First of all, it's only available in the USA, and isn't exactly something one can usably export. Second, it's expensive. Third, most people who currently have one *probably* aren't software developers. So I'd think that if you bought an iPhone for a USA-based software developer involved with some work on iPod supporting software currently, they'd probably start working on support for it...

(And honestly I don't think there are *that* many Linux users with one either, not enough demand to make it a top priority...)

----------

## Jkay

Yes, I had realized the whole "USA only" problem .. well, we'll see how things work out.

----------

## InvalidComponent

Have you tried searching the net for a Linux-based iTunes clone? Or running it with Wine?

----------

## Jkay

Amarok handles iPods very well, but not the "iPod" inside of an iPhone. I went over to their community forums and they were silent on the matter.
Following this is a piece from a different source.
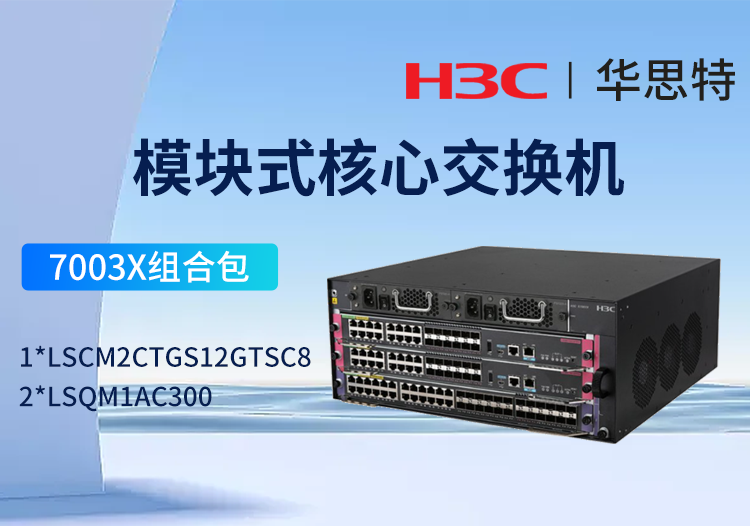 H3C S7003X交換機(jī)套包 交換路由引擎模塊 16端口千兆電接口(RJ45)+12端口萬兆光接口(SFP+,LC)(SC)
It's not a question of using iTunes on a Windows machine; I have one in the house; it's that iTunes is terrible, compared to Amarok.

----------

## Benny007

There is an theoretical solution, but not implementation yet.

You can check a bit more descriptive explanation (and some of my apple hate cry  :Wink:  ) here:

https://forums.gentoo.org/viewtopic-p-4434251.html#4434251

----------

## ToeiRei

I don't see any motivation for supporting it atm as (cr)apple can only be bought via Credit Card right now (see: http://www.heise.de/newsticker/meldung/98066/from/atom10)
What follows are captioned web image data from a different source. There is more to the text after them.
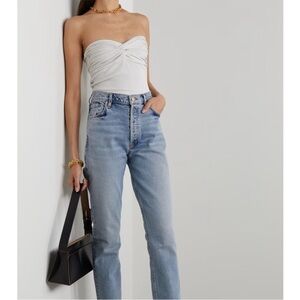 Goldsign twist front tube top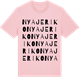 Pink Cotton t-shirt med Nya Jeriko ordlek t-shirt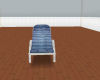 Blue Outdoor Chaise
The underlaying thought is obvious: You can track credit cards and their users but not cash. By enforcing the usage of credit cards you can easily see who buys IPhones that never activate the AT&T deal (or whoever has the Apple blessing in your country). 

Reminds me of the Sony bmg copy protection crap... Just another way of tracking users...

----------

## Benny007

Do you really believe that they can't track you with nokia/sony/xxx mobile phones?  :Smile: 

I am sure "they" can. The questions are.

Do they really want to track you? (mass anonymity)

Who are they?

Is the mobile phone the best way to track you? (I believe in most cases it is not)

----------

## picard66

http://mattcolyer.com/projects/iphone-module/

----------

## movrev

 *picard66 wrote:*   

> http://mattcolyer.com/projects/iphone-module/

 

Here's another iPhone owner and Gentoo user. I do have a macbook pro with itunes and all that, but that's not my main machine and I'd gladly stop using itunes as the only feature I like is cover flow.

Now, regarding this iphone-module; not only have I not been able to find it in the kernel, but when I connect the iphone to any usb port in my machine it indeed start charging (note that I'm using 1.1.1 firmware and kernel 2.6.22-gentoo-r9) So, unless they've already included the code inside the kernel by default, it just works out of the box. On another note, I haven't been able to synce the iphone data with any linux program yet, but I have been able to download/erase the pictures from the camera roll using the latest libgphoto2 (2.4.0-r1) and a program that interfaces thru it, like f-spot or gtkam.

So, it's not much yet, but I'm still happy with the quick advances regarding this device.

----------